W maju w nowoczesnym Ciudad de las Artes y las Ciencias w Walencji, zwanym „dzielnicą przyszłości”, toczyły się dyskusje na temat szeroko pojętego marketingu internetowego. Awangardowe muzeum księcia Filipa stało się przestrzenią wymiany wiedzy, doświadczeń i refleksji na temat tworzenia treści, marketingu w wyszukiwarkach internetowych, digitalizacji dotychczasowych narzędzi promocji, rozwoju Google’a i wielu innych aspektów. Nie sposób w jednym tekście oddać całej wiedzy, którą na konferencji The Inbounder dzieliło się kilkudziesięciu prelegentów z całego świata. Postaram się jednak zarysować perspektywy związane z dwoma obszarami, czyli z SEO oraz content marketingiem oraz dać kilka wskazówek, które pomogą Wam osiągnąć lepsze efekty.
Google poszedł do szkoły
Najpopularniejsza wyszukiwarka na świecie przechodzi niebywałą metamorfozę. Rozwija się
i udoskonala swoje algorytmy w sposób niepokojąco szybki. Jak wspomniał Rand Fishkin w swojej prelekcji, na początku pracownicy Google’a obawiali się uczenia maszynowego, które mogło według nich wywołać niespodziewane, katastrofalne skutki. W 2012 roku zaczęli jednak wykorzystywać machine learning do przewidywania CTR-u w reklamach (SmartASS system). Przełomem stał się październik zeszłego roku, kiedy ostatecznie uruchomiono RankBrain – system sztucznej inteligencji w wyszukiwarce internetowej, stanowiący część algorytmu Google’a i bezpośrednio wpływający na rankingi.
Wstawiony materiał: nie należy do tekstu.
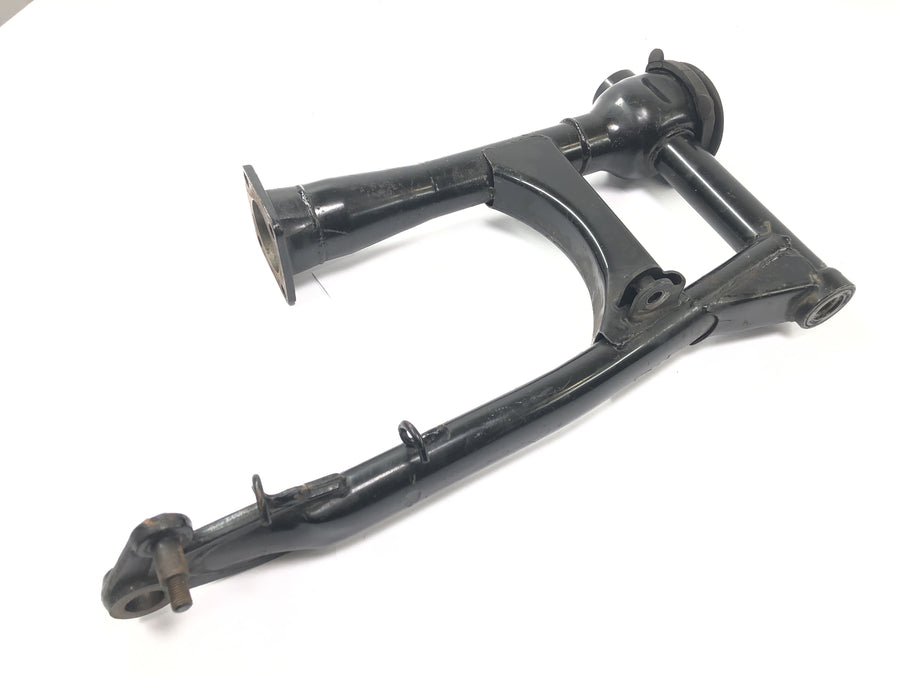 Kawasaki Z 1100 Kzz10a [1984] - Swurte bakhjulssving med Cardan Shaft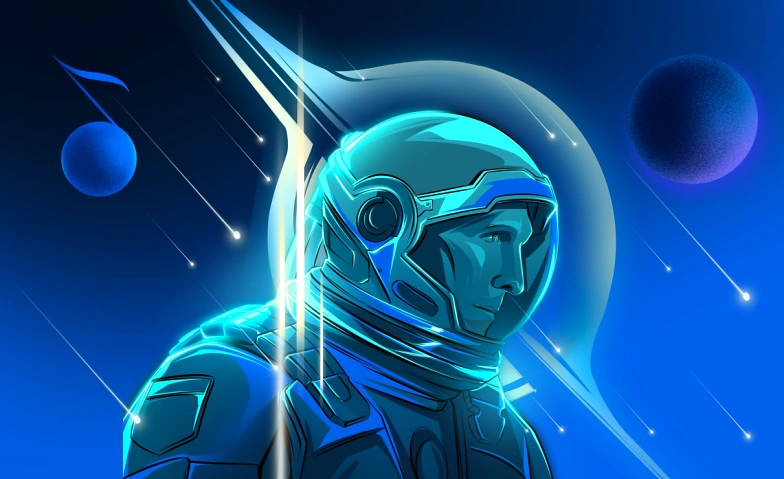 7475600824632116728.webp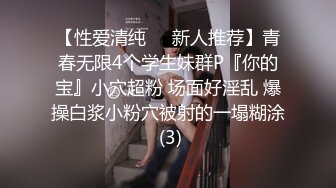 2023网红女神和炮友没羞没臊的性爱合集【真真】简直就是个完美炮架！肤白貌美，胸大逼粉 (3)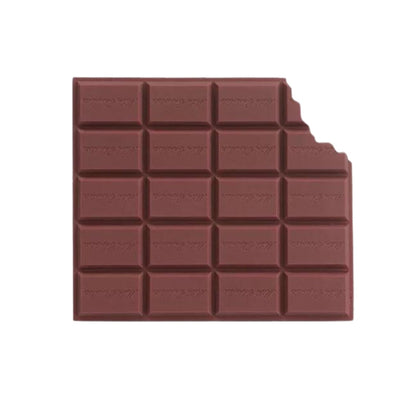 carnet de voyage intime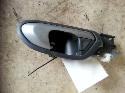 View Auto part Door Handle Honda Civic 2006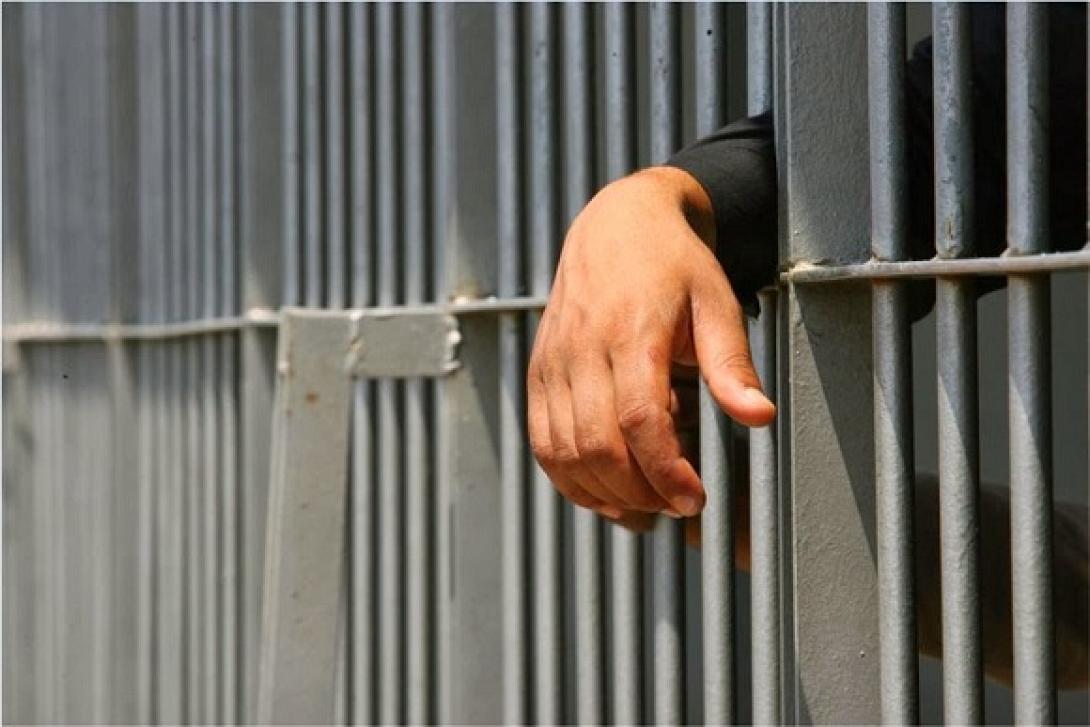 12 χρόνια κάθειρξη στον κτηνοτρόφο για τη χασισοφυτεία στις Μαλάδες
Dzięki deep learning Google jest w stanie sam analizować i rozumieć pojęcia. Nie jest jednak (jeszcze) narzędziem doskonałym. Stara się jak najlepiej rozumieć naturalny język, bardziej skomplikowane formy językowe, np. ironię czy kulturowy kontekst wypowiedzi.
Context is the king
Termin kontekst często przewijał się przez prezentacje prelegentów Inboundera. Will Critchlow definiuje go jako set of user actions corresponding to a single information need, a więc chodzi o wszystkie dane, które Google zbiera na podstawie analizy zachowania użytkownika podczas poszukiwania przez niego informacji w sieci. Ale wróćmy do początku – dlaczego akurat cała otoczka związana z szukaniem informacji jest tak ważna? Critchlow przekonuje, powołując się na jedną z ankiet Google’a, że nawet 39% użytkowników może nie być w stanie w pełni precyzyjnie wyartykułować swoich potrzeb, a więc wpisać do wyszukiwarki zapytania, dzięki któremu uzyska oczekiwaną odpowiedź!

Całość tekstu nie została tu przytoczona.